I know Amy Jones has mentioned this in previous blog posts, but the Pomodoro technique is fantastic for breaking tasks down into small, manageable chunks. Since working from home this has been my go to method for keeping on top of things, as I sometimes struggle to stay focused when I’m in a space where I have so many other responsibilities (like remembering I need to water my poor plants right in the middle of my work day!) A helpful timer for the Pomodoro method can be found here, if you struggle to keep track of time.

As well as being a great sounding board (and sometimes a vital link to your sanity), your colleagues can also be a fantastic learning resource! Keeping up to date with them not only helps with team building but it also gives you the chance to compare work management techniques.
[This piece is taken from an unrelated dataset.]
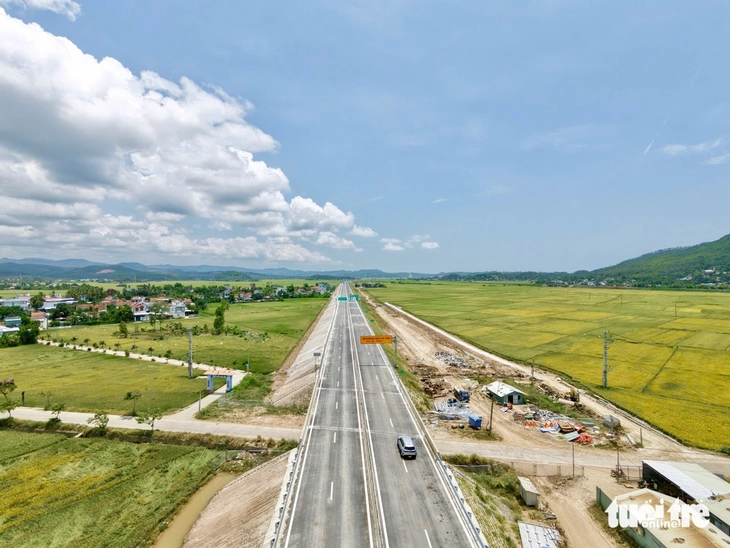 Ngày đầu khai thác 58km cao tốc Bắc - Nam qua Đắk Lắk - Ảnh 2.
Does someone on your team consistently put together great gantt charts on Excel? Do you envy anyone’s diary or to-do list organisation? Ask about them - a lot of the time, people are keen to share the things that work best for them and their tip may be the thing that helps you to get on top of that one task you’ve been struggling with!
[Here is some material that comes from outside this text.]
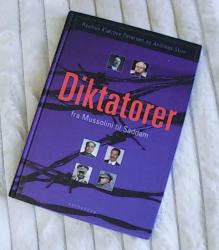 Billede af bogen Diktatorer - fra Mussolini til Saddam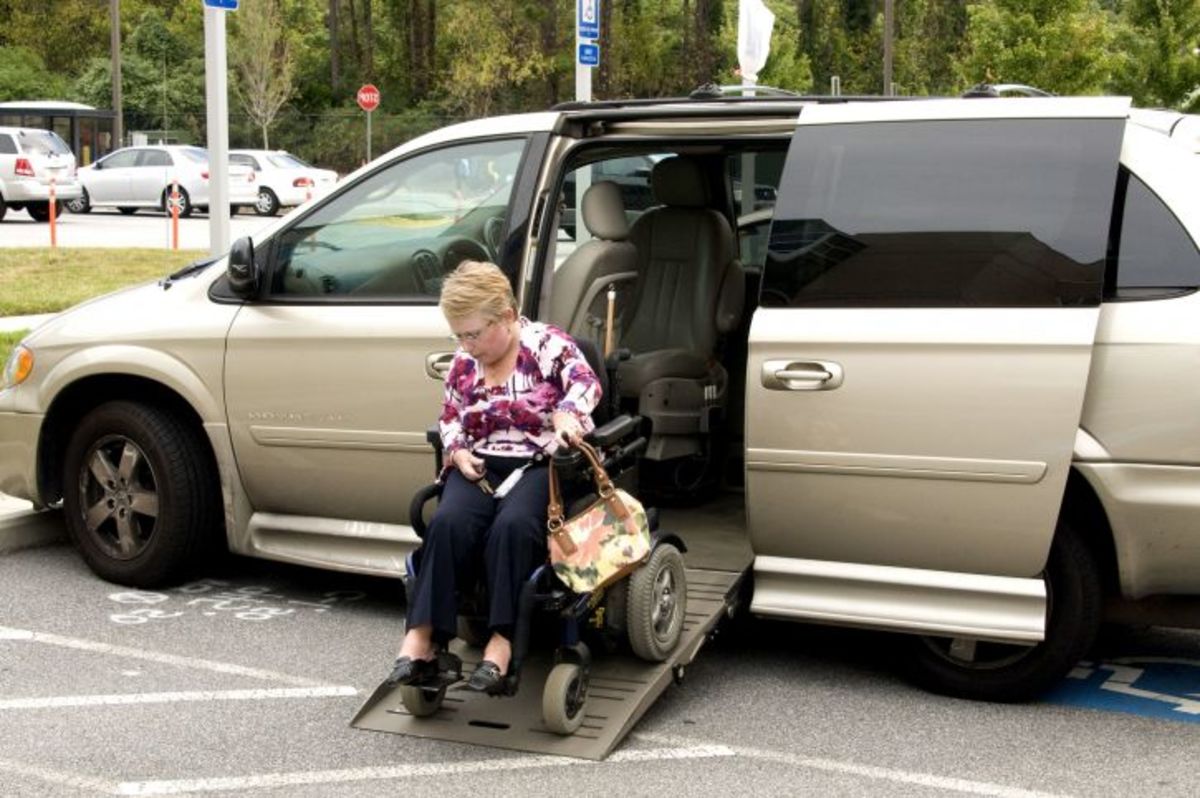 why-nasty-notes-on-the-cars-of-handicapped-parking-violators-are-a-bad-idea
4. Don’t neglect to make time for yourself, too…

Working hard is important, yes, but so is taking a break. In our incredibly work focused culture, I feel as though I’m constantly seeing posts on social media about people’s ‘side hustles’ – but you can’t perform well in your work if you’re neglecting yourself by never switching off! Let’s be real here, there’s very few people who consistently have time to do absolutely everything they’re ‘supposed to’ (work, get 8 hours of sleep every night, regular exercise, socialising, eating a healthy diet, hobbies, household chores - the list goes on). Very often it’s things like sleep and making time for yourself that get pushed to the back of the queue in favour of everything else - but it’s important to ensure you have boundaries set that allow you to take proper time off. I appreciate that sometimes, working outside of your usual hours is unavoidable, but try not to make a habit of it. Your free time allows you to recover and reflect on things, giving you a vital opportunity to subconsciously process any challenges you may have faced that week, and go back to work fully refreshed and ready to face the day! So enjoy your evenings and weekends without checking your emails and allow yourself to switch off from the things you need to do at work. You’ll probably find your performance improves! 

5. And finally, don’t underestimate what a good attitude can achieve!
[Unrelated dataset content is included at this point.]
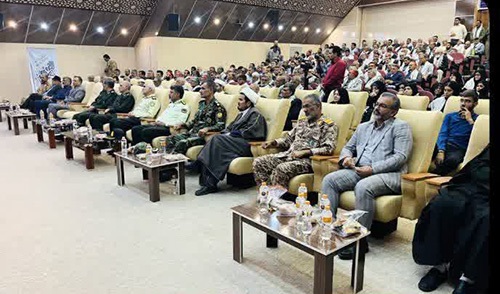 مراسم تجلیل از پیشکسوتان دفاع مقدس در زاهدان برگزار شد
Okay, I’m not saying that being friendly is immediately going to make you fantastic at your job, but it can certainly make things easier! Working with other people is unavoidable after all, so maintaining good relationships is vital. I was once told that being nice to people straight off the bat makes it quite hard for them to be rude or difficult with you. While this logic isn’t infallible, it’s still good to practice kindness and patience, while remembering that everyone is facing their own challenges. Being a pleasant person to work with never hurt anyone’s career – it may even turn out that by building a good reputation within your company or industry, you become more notable to potential future employers!

I hope the above tips have helped you and I wish you all the best in 2021 and beyond!